Billy Ard

No. 67
- Position: Guard

Personal information
- Born: March 12, 1959 (age 67) East Orange, New Jersey, U.S.
- Listed height: 6 ft 3 in (1.91 m)
- Listed weight: 265 lb (120 kg)

Career information
- High school: Watchung Hills Regional (Warren Township, New Jersey)
- College: Wake Forest
- NFL draft: 1981: 8th round, 221st overall pick

Career history
- New York Giants (1981–1988); Green Bay Packers (1989–1991);

Awards and highlights
- Super Bowl champion (XXI); PFWA All-Rookie Team (1981); First-team All-ACC (1980);

Career NFL statistics
- Games played: 148
- Games started: 123
- Fumble recoveries: 4
- Stats at Pro Football Reference

= Billy Ard =

American football player (born 1959)

William Donovan Ard (born March 12, 1959) is an American former professional football player who was a guard in the National Football League (NFL) for the New York Giants and Green Bay Packers.
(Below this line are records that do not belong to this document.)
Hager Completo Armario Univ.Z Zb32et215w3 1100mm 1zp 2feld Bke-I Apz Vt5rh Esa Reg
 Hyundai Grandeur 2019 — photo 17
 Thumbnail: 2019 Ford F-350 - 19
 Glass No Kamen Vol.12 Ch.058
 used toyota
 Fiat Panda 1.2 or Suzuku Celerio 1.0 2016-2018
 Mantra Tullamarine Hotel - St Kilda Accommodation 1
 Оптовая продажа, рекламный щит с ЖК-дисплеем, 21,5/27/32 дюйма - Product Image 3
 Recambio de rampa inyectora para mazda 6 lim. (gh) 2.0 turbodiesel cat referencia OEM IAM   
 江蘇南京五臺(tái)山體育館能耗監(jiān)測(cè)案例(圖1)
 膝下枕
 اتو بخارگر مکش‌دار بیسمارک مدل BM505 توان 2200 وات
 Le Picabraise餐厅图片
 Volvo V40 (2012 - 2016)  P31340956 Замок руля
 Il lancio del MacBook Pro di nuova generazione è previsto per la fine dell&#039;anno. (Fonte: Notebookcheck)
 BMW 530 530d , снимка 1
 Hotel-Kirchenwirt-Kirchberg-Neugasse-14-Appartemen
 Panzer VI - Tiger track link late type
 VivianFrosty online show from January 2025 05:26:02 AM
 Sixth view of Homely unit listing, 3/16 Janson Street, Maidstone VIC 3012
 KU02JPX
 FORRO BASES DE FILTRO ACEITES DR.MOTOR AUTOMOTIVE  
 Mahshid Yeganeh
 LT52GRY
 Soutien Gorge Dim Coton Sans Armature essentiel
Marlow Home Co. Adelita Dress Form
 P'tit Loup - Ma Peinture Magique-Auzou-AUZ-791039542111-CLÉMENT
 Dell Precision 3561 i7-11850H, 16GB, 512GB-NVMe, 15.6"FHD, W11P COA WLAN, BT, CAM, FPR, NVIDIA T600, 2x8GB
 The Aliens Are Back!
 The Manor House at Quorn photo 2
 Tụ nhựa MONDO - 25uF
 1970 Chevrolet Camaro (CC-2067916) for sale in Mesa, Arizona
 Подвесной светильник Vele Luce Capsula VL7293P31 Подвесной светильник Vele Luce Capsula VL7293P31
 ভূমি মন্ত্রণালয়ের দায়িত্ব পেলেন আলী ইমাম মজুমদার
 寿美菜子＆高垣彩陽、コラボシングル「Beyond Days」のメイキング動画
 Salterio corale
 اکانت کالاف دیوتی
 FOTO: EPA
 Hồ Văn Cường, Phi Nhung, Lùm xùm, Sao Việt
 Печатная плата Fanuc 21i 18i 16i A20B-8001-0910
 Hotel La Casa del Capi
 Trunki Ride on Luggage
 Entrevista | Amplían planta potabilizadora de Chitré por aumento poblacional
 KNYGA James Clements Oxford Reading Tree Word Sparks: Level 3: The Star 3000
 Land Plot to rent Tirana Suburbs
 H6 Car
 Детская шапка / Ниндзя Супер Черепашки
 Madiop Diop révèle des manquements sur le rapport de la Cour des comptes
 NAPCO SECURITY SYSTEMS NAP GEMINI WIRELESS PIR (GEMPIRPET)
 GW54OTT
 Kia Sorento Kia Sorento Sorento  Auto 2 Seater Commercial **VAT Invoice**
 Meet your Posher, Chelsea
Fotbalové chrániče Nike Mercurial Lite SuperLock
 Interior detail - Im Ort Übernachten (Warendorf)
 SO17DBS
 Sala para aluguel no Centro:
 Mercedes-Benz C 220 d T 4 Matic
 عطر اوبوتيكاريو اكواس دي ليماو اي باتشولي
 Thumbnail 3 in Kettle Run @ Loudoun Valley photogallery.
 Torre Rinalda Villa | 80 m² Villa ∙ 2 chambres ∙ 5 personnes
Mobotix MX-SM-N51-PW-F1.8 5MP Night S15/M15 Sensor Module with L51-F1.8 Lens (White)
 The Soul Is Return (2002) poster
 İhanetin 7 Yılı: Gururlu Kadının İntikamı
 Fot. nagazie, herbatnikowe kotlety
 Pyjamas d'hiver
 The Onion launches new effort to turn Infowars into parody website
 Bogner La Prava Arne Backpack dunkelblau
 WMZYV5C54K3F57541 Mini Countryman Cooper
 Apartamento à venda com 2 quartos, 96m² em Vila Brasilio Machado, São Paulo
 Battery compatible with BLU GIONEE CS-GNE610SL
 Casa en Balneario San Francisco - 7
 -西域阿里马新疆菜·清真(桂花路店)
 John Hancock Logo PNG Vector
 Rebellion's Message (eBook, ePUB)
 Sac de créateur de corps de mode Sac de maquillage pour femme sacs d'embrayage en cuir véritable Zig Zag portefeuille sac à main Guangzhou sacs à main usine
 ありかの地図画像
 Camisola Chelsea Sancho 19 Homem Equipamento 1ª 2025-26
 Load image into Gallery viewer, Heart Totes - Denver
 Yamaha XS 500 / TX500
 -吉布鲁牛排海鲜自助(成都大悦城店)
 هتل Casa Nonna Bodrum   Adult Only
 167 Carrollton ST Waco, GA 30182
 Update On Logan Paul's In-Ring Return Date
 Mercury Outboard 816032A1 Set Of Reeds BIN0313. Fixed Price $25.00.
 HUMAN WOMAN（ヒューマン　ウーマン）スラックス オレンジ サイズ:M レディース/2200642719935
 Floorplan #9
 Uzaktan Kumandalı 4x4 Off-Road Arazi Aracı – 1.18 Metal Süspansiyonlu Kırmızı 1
He played college football at Wake Forest University and was selected 221st overall in the eighth round of the 1981 NFL draft. He won the Super Bowl with the Giants in 1987.

Ard grew up in Watchung, New Jersey, where he attended Watchung Hills Regional High School. He lives in Watchung, New Jersey and works as a financial advisor at Morgan Stanley. Bill's other son, Brendan, broke records at his sport of choice, wrestling.